La Cassazione si pronuncia sulla responsabilità medica

Torna a pronunciarsi la Cassazione penale sull’annosa questione della responsabilità del medico e lo fa con una sentenza che risulta molto importante al fine di comprendere in modo più chiaro quali siano i confini della responsabilità medica a seguito soprattutto della recente riforma Gelli-Bianco.

Con la recentissima sentenza 50078/17 depositata il 31 ottobre 2017, la Suprema Corte di Cassazione ha annullato, agli effetti penali, la condanna che era stata inflitta ad un medico per le lesioni causate da un intervento di chirurgia estetica.

I fatti: in primo grado un medico veniva condannato per il reato di lesioni colpose gravi per aver provocato in danno del suo paziente, sottopostosi ad un intervento di lifting del sopracciglio, una perdita di sensibilità della zona operata permanente a distanza di ben cinque anni dall’intervento.

In appello veniva confermata la decisione del giudice di prime cure ed esclusa l’applicazione della legge Balduzzi, in ragione della non particolare complessità dell’intervento e della gravità della colpa, “concretizzatasi in una deviazione ragguardevole rispetto all’agire appropriato”.

La Cassazione, dopo aver tra l’altro rielaborato funditus lo stato dell’arte sulla responsabilità medica, riscontra il mancato esame nelle sentenze di merito del rispetto da parte del medico di quelle linee guida o buone pratiche che gli sarebbero valsi la non punibilità (sebbene poi nel caso specifico la Cassazione rilevi l’avvenuta prescrizione del reato ed annulli dunque agli effetti penali la condanna del sanitario).

Il Giudice di legittimità ha così avuto modo in tale occasione di ribadire che il nuovo articolo 590 sexies del codice penale (a seguito della legge di riforma Gelli-Bianco) ha eliminato la depenalizzazione della colpa lieve prevista dalla precedente legge Balduzzi.

Com’è noto, la riforma Gelli-Bianco, intervenuta solo sette mesi fa’, ha provveduto a ridisegnare i profili della responsabilità penale del medico, già oggetto della recente legge Balduzzi, e, più nello specifico, introdotto una vera e propria causa di non punibilità per la sola imperizia, destinata ad operare, a prescindere dal grado della colpa, allorché l’azione terapeutica del medico sia giudicabile come rispettosa delle raccomandazioni previste dalle linee guida come definite e pubblicate ai sensi di legge, ovvero, in mancanza di queste, delle c.d. “buone pratiche clinico assistenziali” e che dette raccomandazioni risultino adeguate alla specificità del caso concreto.

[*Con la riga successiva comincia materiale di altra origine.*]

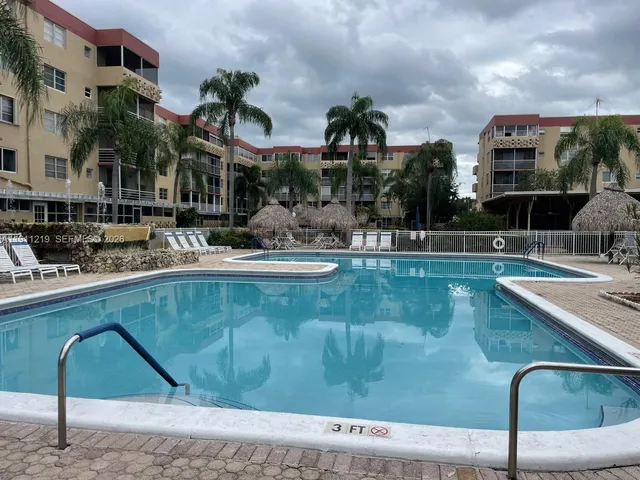 a swimming pool with outdoor seating and yard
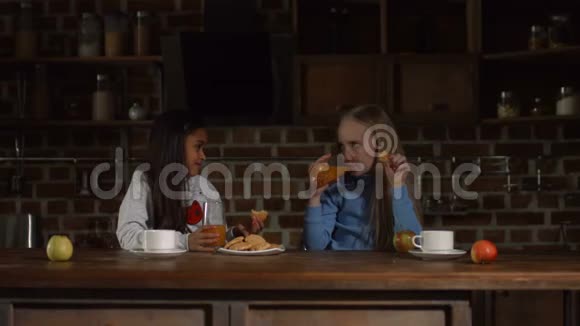 孩子们在厨房里吃饼干和喝果汁视频的预览图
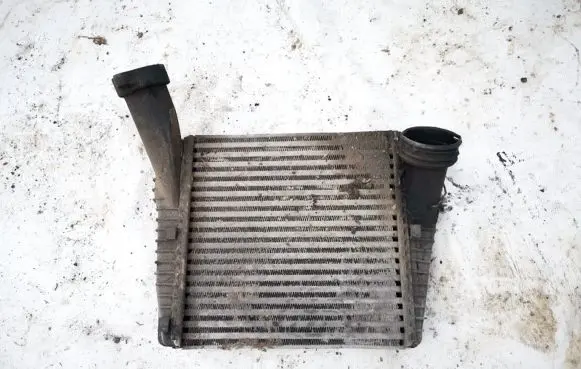 Volkswagen Touareg I Intercooler radiator 7l0145803a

Se queste condizioni sono rispettate, a differenza di quanto accadeva sotto il vigore della “Balduzzi”, anche la condotta gravemente imperita può risultare penalmente non punibile.

Ne deriva, così, una causa di non punibilità per la sola imperizia, non prevista per negligenza ed imprudenza, la cui operatività, come già detto, è subordinata al rispetto da parte del medico delle linee guida o delle buone pratiche clinico assistenziali.

Come si osserva nella sentenza non vi sono dubbi sulla “non punibilità del medico che, seguendo le linee guida adeguate e pertinenti pur tuttavia sia incorso in una “imperita” applicazione di queste”.

“È una scelta del legislatore – sostiene la Cassazione – di prevedere in relazione alla colpa per imperizia, nell’esercizio della professione sanitaria un trattamento diverso e più favorevole rispetto alla colpa per negligenza o per imprudenza” che sembra suscitare negli stessi ermellini qualche dubbio circa il rispetto dell’art. 3 della Costituzione.